La spinta di Dublino per le dimissioni di Hogan è stata decisiva e rappresenta un evento senza precedenti. I commissari, infatti, sono nominati dai governi nazionali ma sono rappresentanti europei, che non rispondono quindi a coloro che li hanno scelti. Mercoledì sera la presidente von der Leyen ha pubblicato una nota per commentare le dimissioni: «Rispetto la sua decisione. Gli sono molto grata per il suo lavoro instancabile come commissario per il commercio dall’inizio di questo mandato. Era un membro prezioso e rispettato del Collegio (dei commissari, ndr). Gli auguro tutto il meglio per il futuro».
A questo punto sembra probabile che il governo di Martin proponga la candidatura di David O’Sullivan al Commercio, ex ambasciatore dell’Unione Europea negli Stati Uniti e figura ben conosciuta a Bruxelles per i suoi trascorsi all’interno delle commissioni guidate da Romano Prodi e José Manuel Barroso, sebbene spetti sempre a Von der Leyen l’ultima parola.
In alternativa è possibile che Dublino appoggi un nuovo politico proveniente dallo stesso partito di Hogan, il Fine Gael, visto che Martin e il suo vice Varadkar hanno già previsto che il prossimo Commissario europeo irlandese sarà di Fianna Fail.
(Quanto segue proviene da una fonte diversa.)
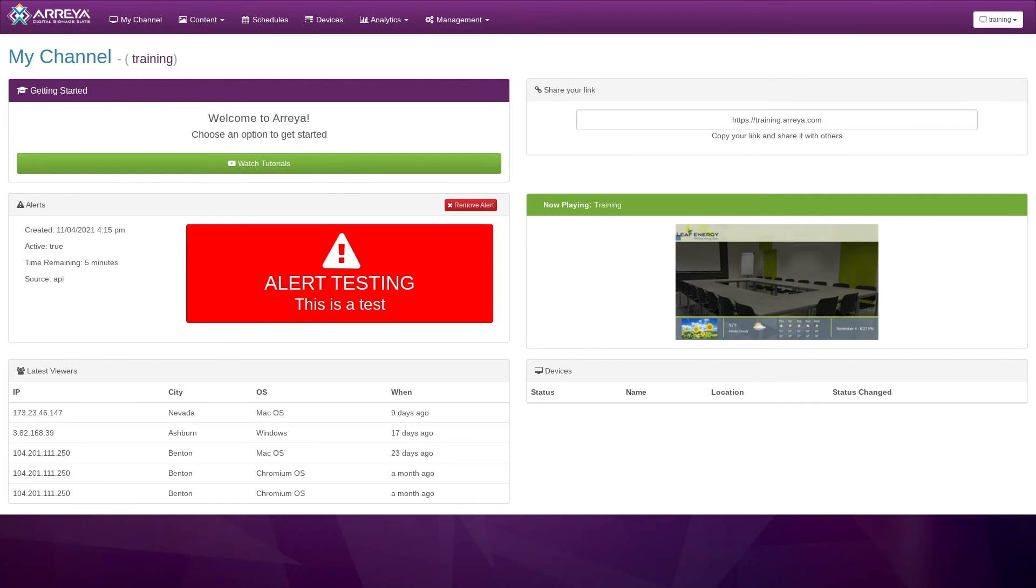Alerts can also be viewed and canceled by logging into your Araya dashboard and looking at the Alerts section on the left side of the screen.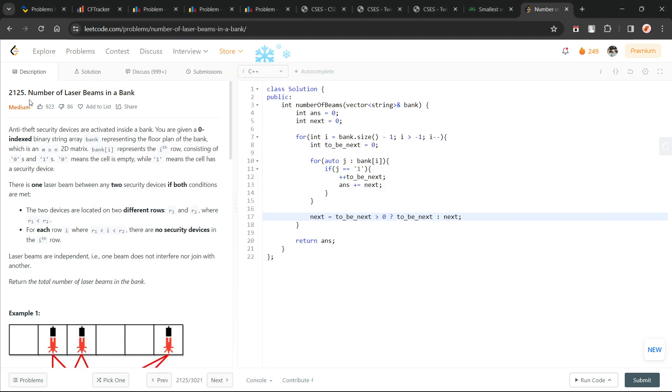Hello everyone, I hope you are doing well. In this video we're going to discuss a LeetCode problem of the day, and today's problem is 'Number of Laser Beams in a Bank', which is a medium-difficulty problem.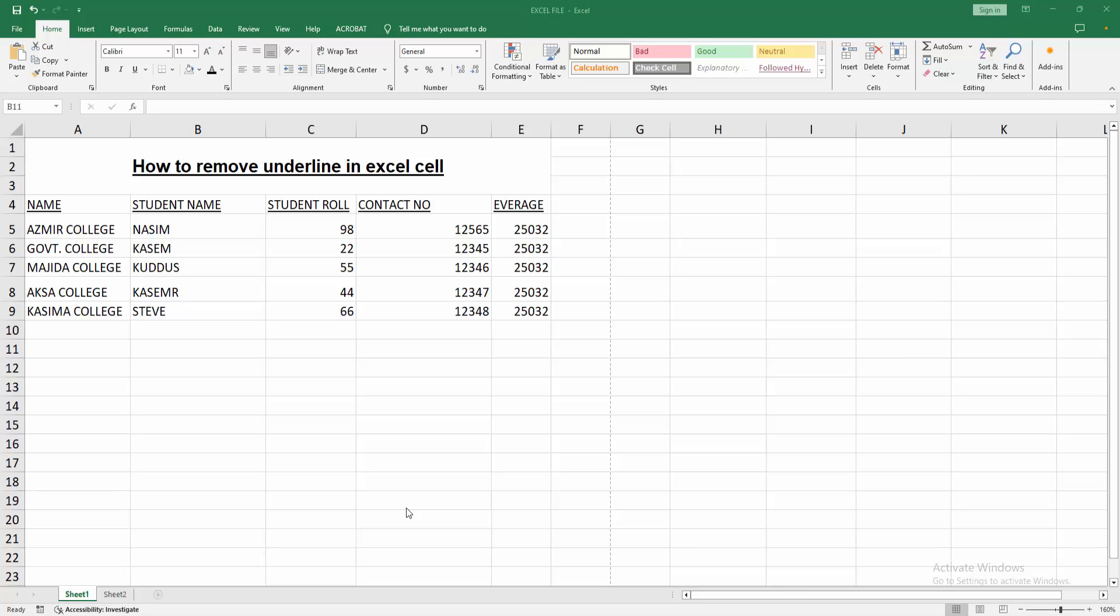Hello friends, how are you? Welcome back to my another video. In this video I am going to show you how to remove underline in Excel cell. Let's get started. At first you have to open your Excel workbook.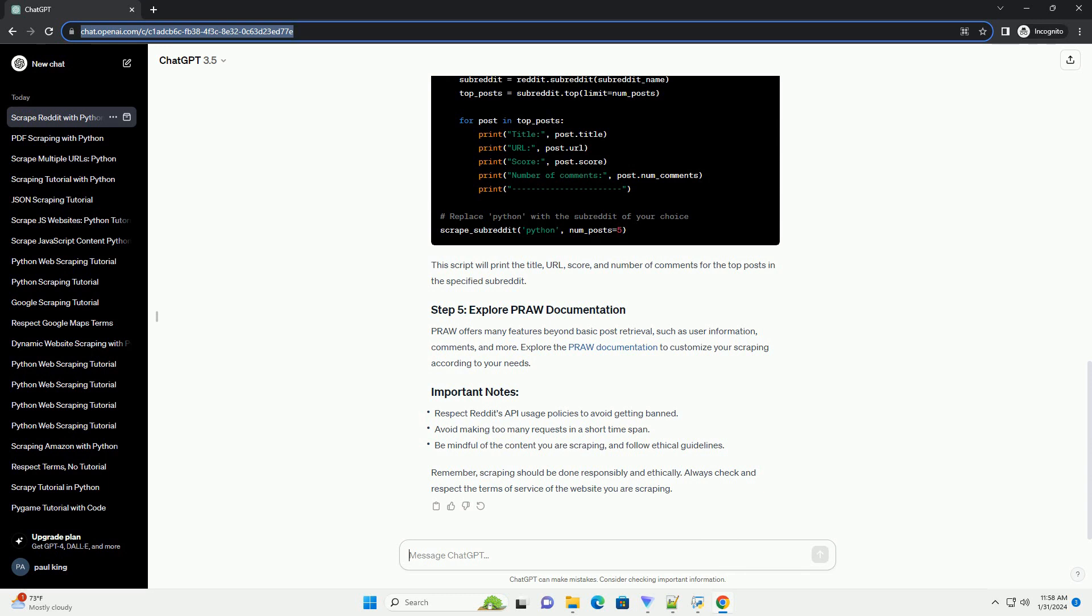Remember, scraping should be done responsibly and ethically. Always check and respect the terms of service of the website you are scraping.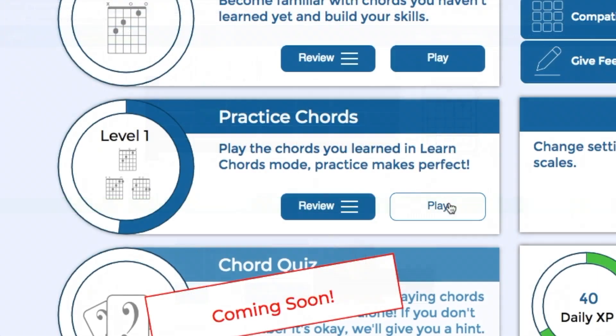Practice Chords gives you the opportunity to test what you've covered in Learn Chords after you've completed learning at least two chords.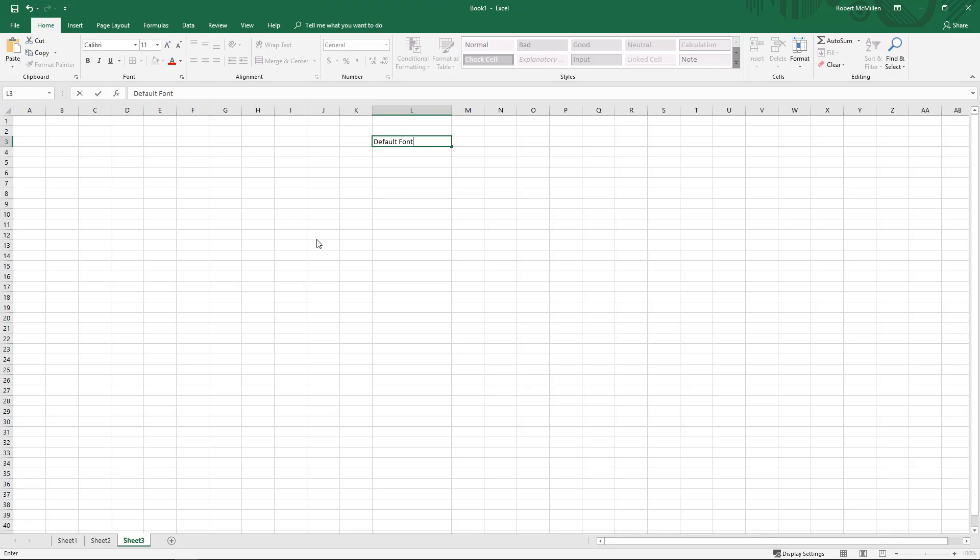We're in Microsoft Excel 2019. Let's take a look at how we can change the default font. You can see the default font is Calibri 11.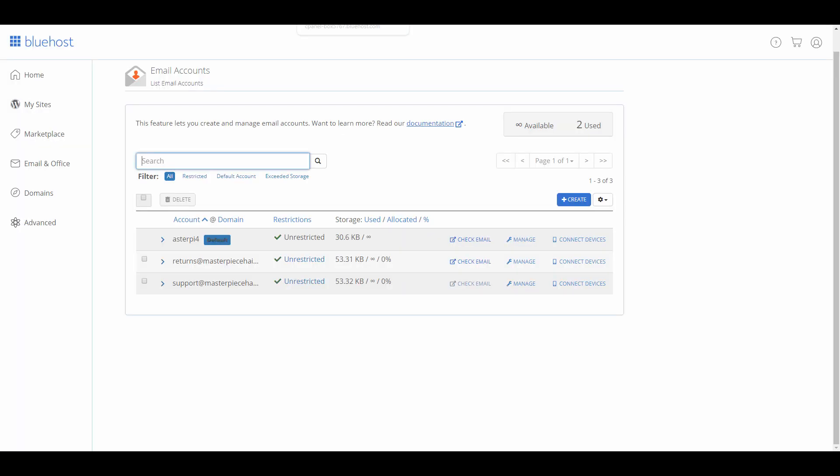That's how you add an email address in Bluehost. Hope to help you out, and check out my other tutorial videos. Have a good one.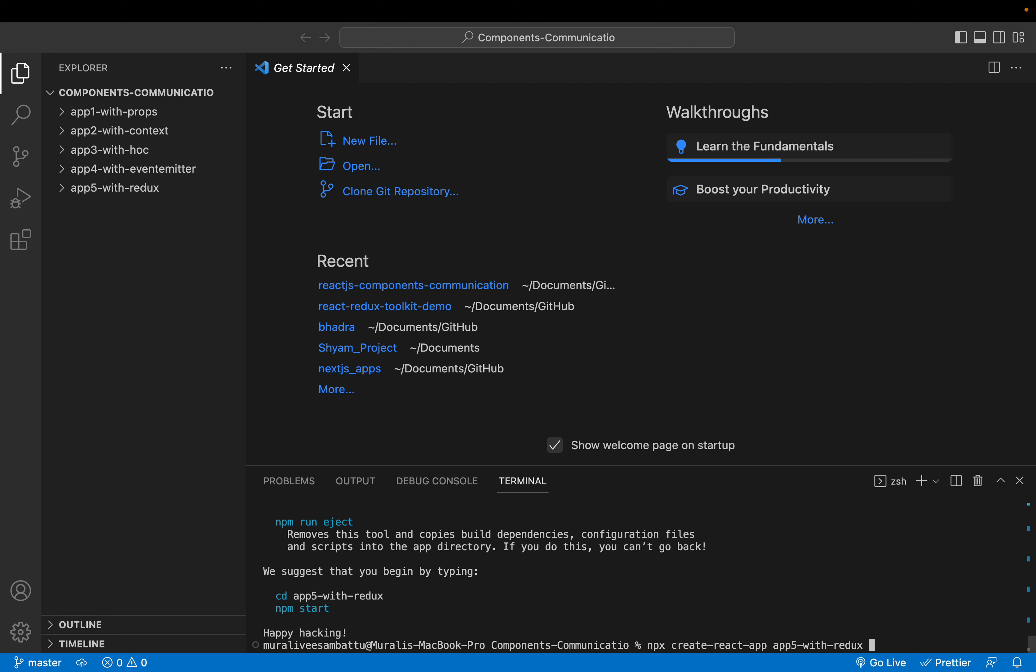The final approach would be the next one. We can add app 6 with Redux Toolkit. Same Redux, but we have new features available in the toolkit.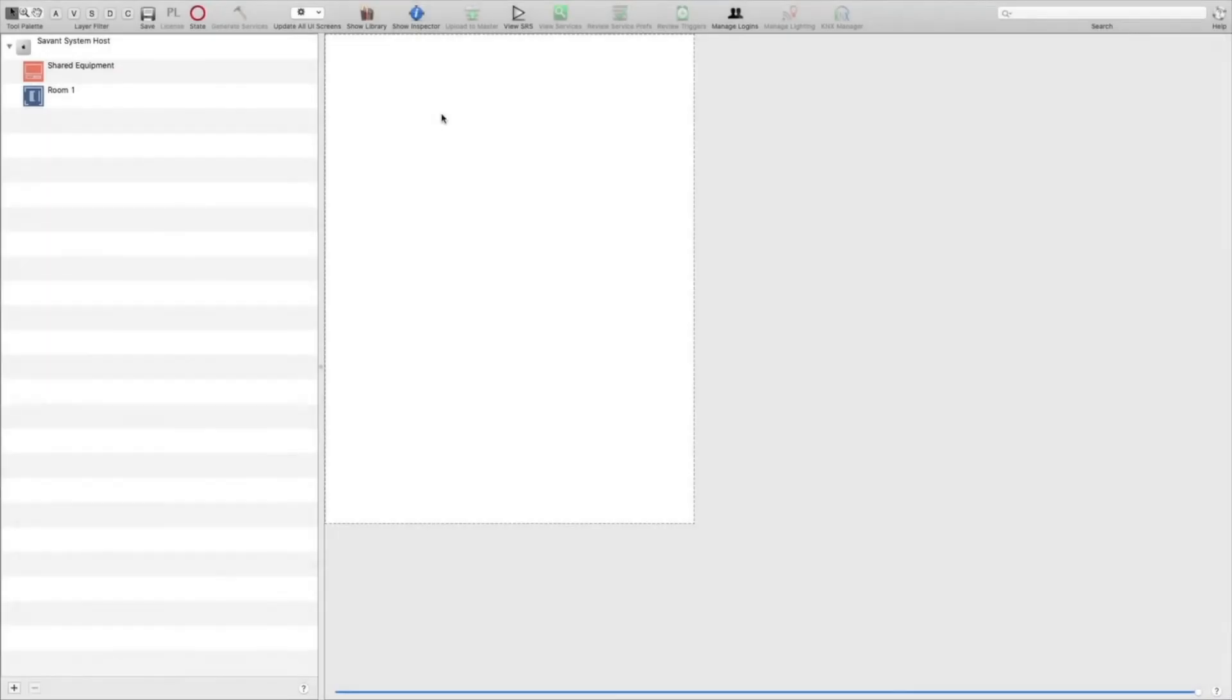Hello, my name is Fernando with Zoom, and in this video I'll be showing you how to set up an H8x8H2 with Savant. The first thing you want to do is add your host.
Con le dimissioni di Hogan si crea un precedente pericoloso per l’Unione, non solo per il ruolo di Hogan ma anche perché un commissario può essere allontanato solo se si è reso colpevole di una colpa grave o se «non soddisfa più le condizioni richieste per lo svolgimento delle sue funzioni» (Articolo 17, paragrafo 6 del Trattato sull’Unione Europea).
Nelle ultime settimane la Commissione si è inoltre raccomandata con tutti i 27 Commissari sull’importanza di rispettare le linee guida anti-Covid dei Paesi europei in cui si trovano. La storia dei governi europei evidenzia come ci siano ben pochi casi di licenziamenti: si ricordano infatti soltanto le dimissioni di massa della commissione Santer (1995-1999), giunte per evitare di affrontare lo scandalo legato alle accuse di corruzione al francese Édith Cresson e il caso del maltese John Dalli, allontanato dalla seconda commissione Barroso (2010-2014) per aver cercato finanziamenti per una compagnia di tabacco svedese. Il caso stavolta è stato ben diverso.